RNAプラザ 東百合丘

新百合ヶ丘・たまプラーザ地域の中間くらいに位置する学習塾の塾長ブログ

勉強の"限界値"とは?(後編:結論)

では実態問題として一日に可能な"新しい勉強"はどれくらい出来るのかといえば、時間数で表せば大体4時間くらいが限界じゃないかなと思っています。

個人差であったり、厳密な定義を求めるとキリがないのでこの4時間を一般論とします。

友人には一日18時間の受験勉強を1年続けた猛者がいましたが、その内訳は当然のように確認と練習が大半でした。一度取り組んだ内容を何度も復習するわけですね(ちなみに彼はその一年間で東大に合格しています)

 

一度覚えた内容を復習するのは負荷が少ない、というのは直感的に分かると思いますが、当然ながら"忘れていても"覚え直すのにかかる時間は短くなります。

エビングハウス忘却曲線は多くの人が一度は目にしたこともあると思いますが、そのイメージで言えば"忘れる量が減る"という意味合いも描かれているはずです。

仮に10時間で覚えた内容を80%を忘れるとして、その忘れた80%を覚え直すために8時間かかるかといえばそうでもありません。2度、3度と繰り返せば80%分は1時間もかからなくなるでしょう。にもかかわらず、覚えている(忘れていない)量は50%以上へ引き上がります。

この覚え直し、忘れ防止に費やされる時間が"高負荷な新規記憶"の時間を食い切ったところまで増やされた時点を勉強の限界値と考えるのが良さそうです。

18時間の彼で言えば、18時間の勉強が全て復習と確認に費やされ新しい勉強ができなくなった段階で伸びは止まります。

また、18時間×1ヶ月の復習&確認をもってしても忘れる"80%"の量が上回るならその時点で限界値でしょう。

 

勉強にかかわる要素は上記の数字だけで決定されるものではありませんが、他の要素全てが理想通り行ったとしても限界値はそこにある、という言い方なら出来ると思います。

本来なら(特に受験勉強用の)学習計画とはこの観点を元に作るべきなのです。

現実的な時間配分、もちろんこれには体力的なエネルギーも含むことになりますが、復習&確認が新規の勉強の時間を削り始める時点でもう最終盤であろうと考えられるわけですね。

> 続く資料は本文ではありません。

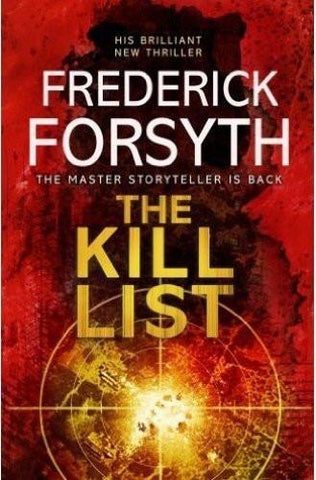 Kill List, The [Paperback] [Sep 26, 2013] Frederick Forsyth]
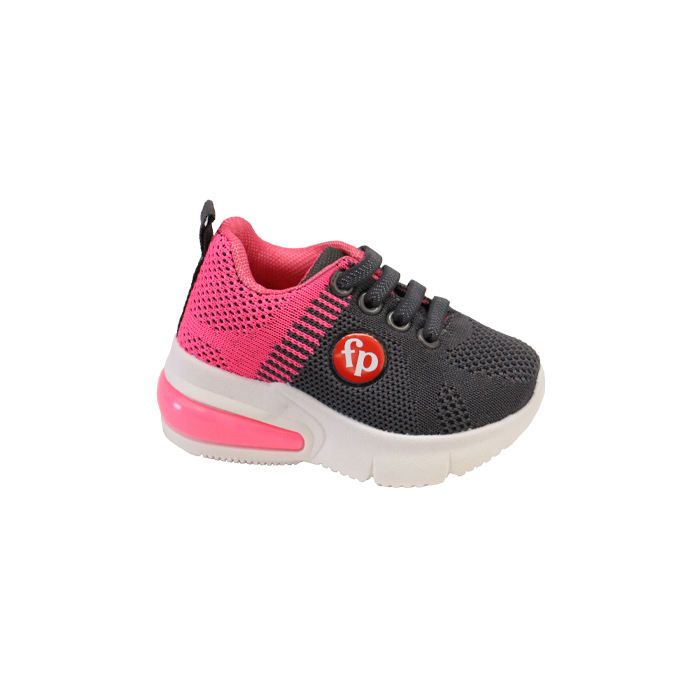 ZAPATILLAS PARA NIÑAS FISHER-PRICE 6-11 GREY FUCSIA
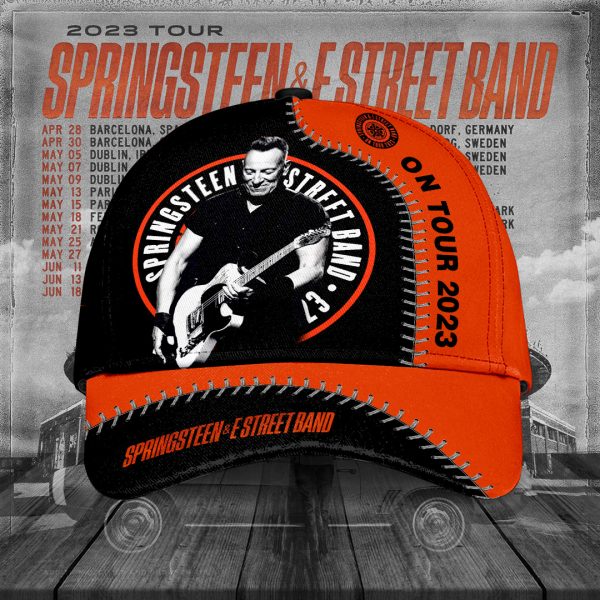 Bruce Springsteen Classic Cap - TANTN 1382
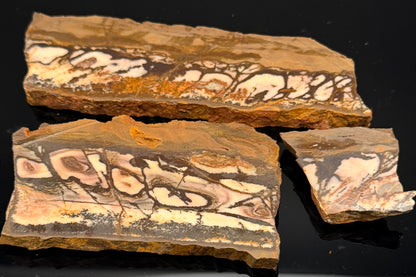 Outback Jasper Slab Pack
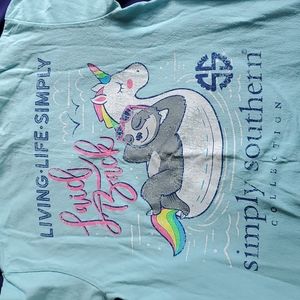 Simply Southern shirt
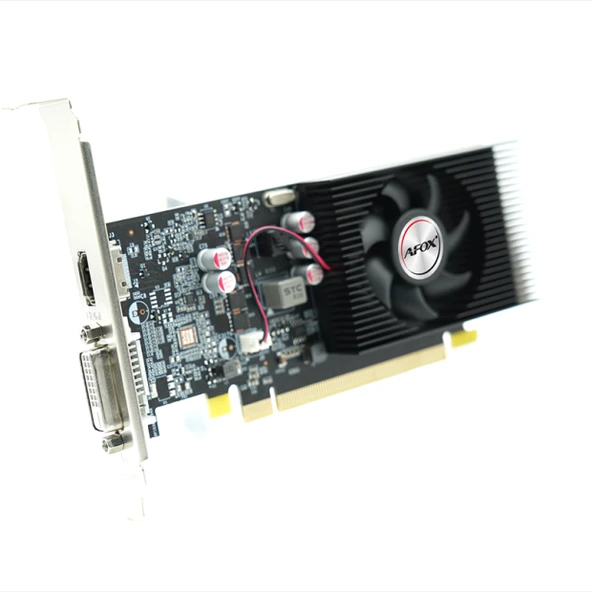 AFOX GEFORCE GT1030 4GB GDDR4 64Bit (AF1030-4096D4L5) - 9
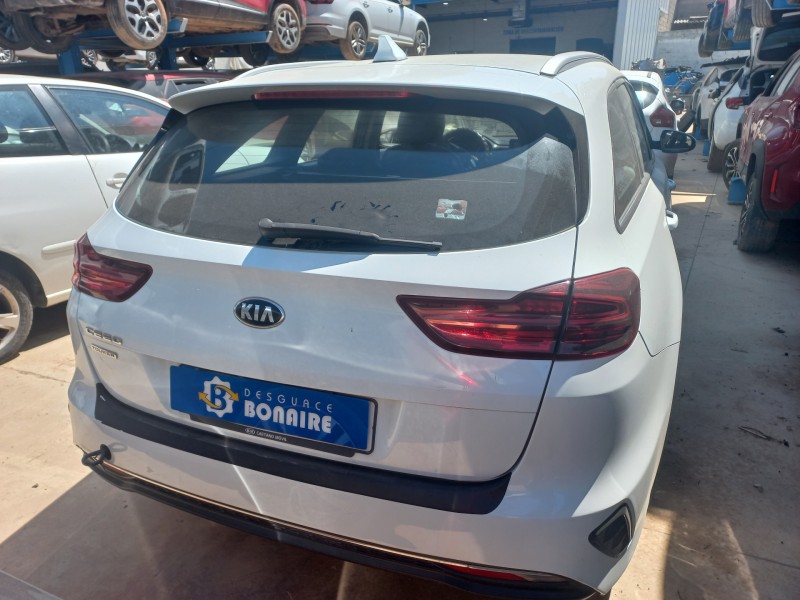 kia ceed sportswagon del año 2019
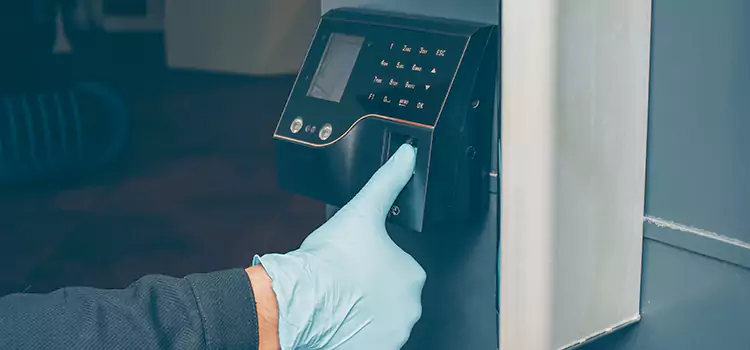Residential Fingerprint Locks Kalispell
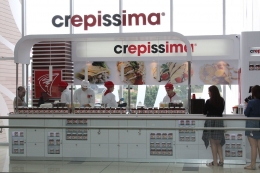 La cadena Crepíssima inaugura su primer establecimiento en Madrid 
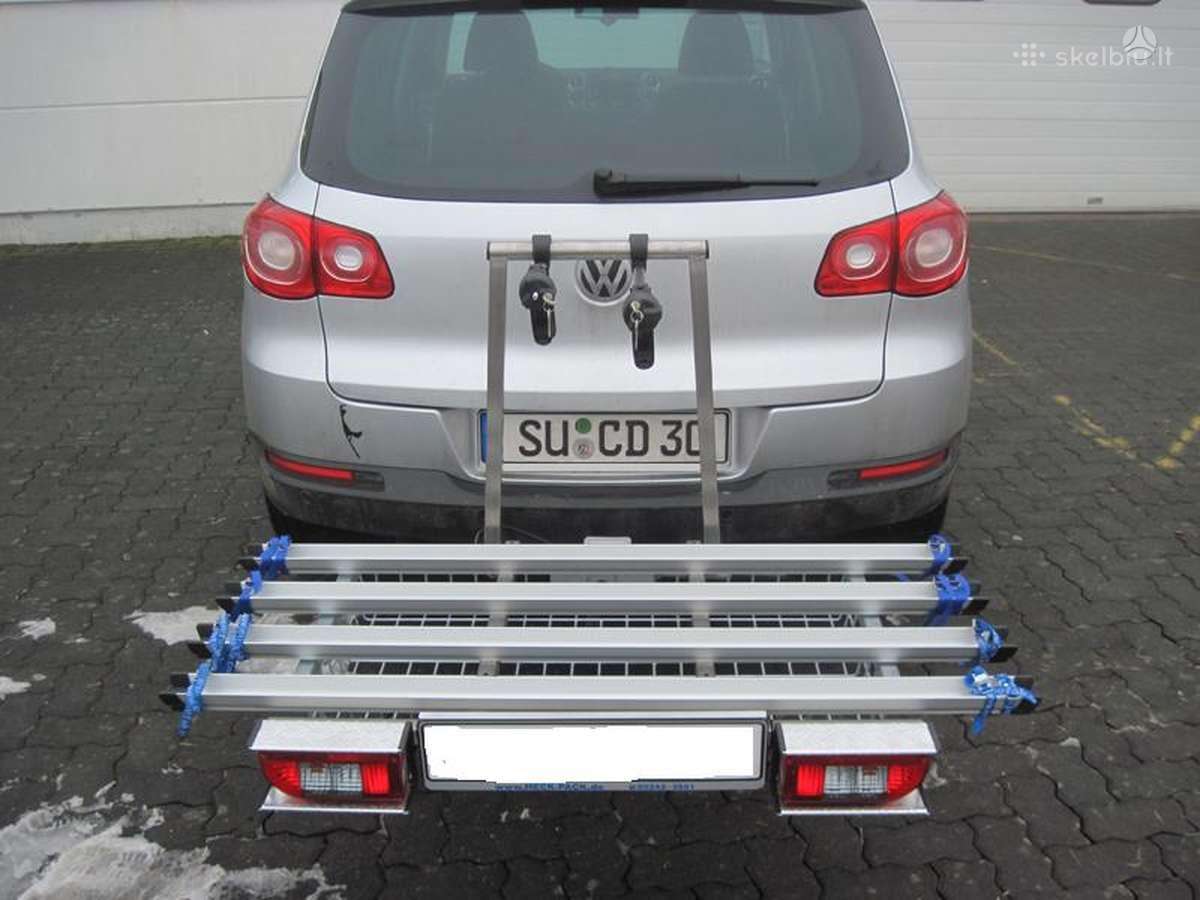 -Kita-, passenger car trailers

それらの個人差を勘案して管理出来ることが学習計画上の重要な一側面であるわけです。

裏を返せば、ほぼ全ての人はそんな形で学習計画を作ってなどいないと思います。

 

例えば1日に精々1時間くらいしか勉強が続かない子について、定期テストで試験範囲をやり通すのに20時間を要し、1週間で学習内容がほぼ飛んでしまうとします。

1週間では7時間しかできないので、考えるまでもなく大変な点数になりますね。

では3週間かければ良いのかと言うと、2週間分はどっか行ってしまいます。

つまり、1週間の勉強を3倍速にする必要がある。

多くの場合はそこで、1日に3時間やって解決しようとします。

でも当然ながら2時間分はほとんど進捗を得ません

そして「勉強しても無駄」と考えるようになるわけです。

しかし先程の考え方を用いるなら、20時間を超えた勉強量になった辺りから結果に繋がり始めるのが分かるでしょうか?

20時間で"1周"であるなら、1周ギリギリの時間までは勉強時間増加の恩恵を受けません。復習の時間がないから上限値に達していないのです。

仮に復習にかかる時間が半分だとすれば、3周目は5時間くらいで終わりますね。

普通に考えれば20+10+5=35時間を適切に配分すれば良さそうですね。

20時間では30%ちょっとの結果ですが、35時間で100%になるわけです。時間的にはにもなっていないのに結果が3倍になる計算になります。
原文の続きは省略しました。